Whether EAPs are subject to COBRA or the Employee Retirement Income Security Act (ERISA) depends on a particular employer’s plan—mainly its structure and benefits. Although regulatory exposure should be considered as you select a plan, you should weigh that element against your particular needs and the productivity benefits that an EAP may provide.
EAPs that offer medical benefits such as direct counseling and treatment rather than just referrals for counseling and treatment are likely subject to ERISA and COBRA. The decisive factor will be whether the plan provides medical or licensed professional care. If your EAP is staffed with trained counselors (whether internally or through an outside service provider) who actually provide the counseling, it will most likely be considered a group health plan and will be subject to COBRA. Similarly, if it provides medical benefits, it’s likely to be considered a welfare benefit plan subject to ERISA. Depending on the above, it may also be subject to other laws such as the Affordable Care Act (ACA).
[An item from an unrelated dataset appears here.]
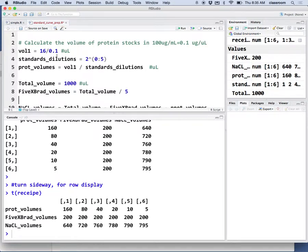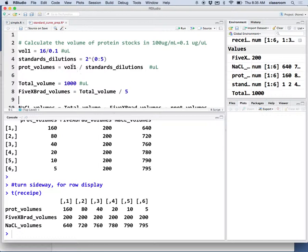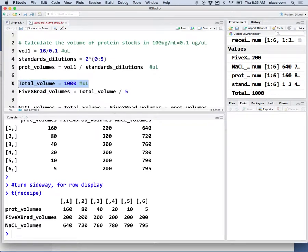This is a small example using R code to show how we can prepare the recipe for protein standard curve. The total volume is 1000 microliters, that's the total volume we need.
In contrast, if your EAP is staffed with untrained persons who simply provide referrals to employees in need of counseling or medical treatment, then the EAP may not be subject to ERISA or COBRA. COBRA EAP compliance can be particularly frustrating and complex.
Every day, millions of Americans are showing up to work stressed and exhausted and may even pose a threat to themselves or others. Assisting them isn’t just a higher calling or moral obligation—it directly affects workplace productivity and thus the bottom line of every business. Employers today should seriously look into EAPs, get a plan that best suits their own and their workforce’s particular needs, and make sure it is effectively used by management and employees alike.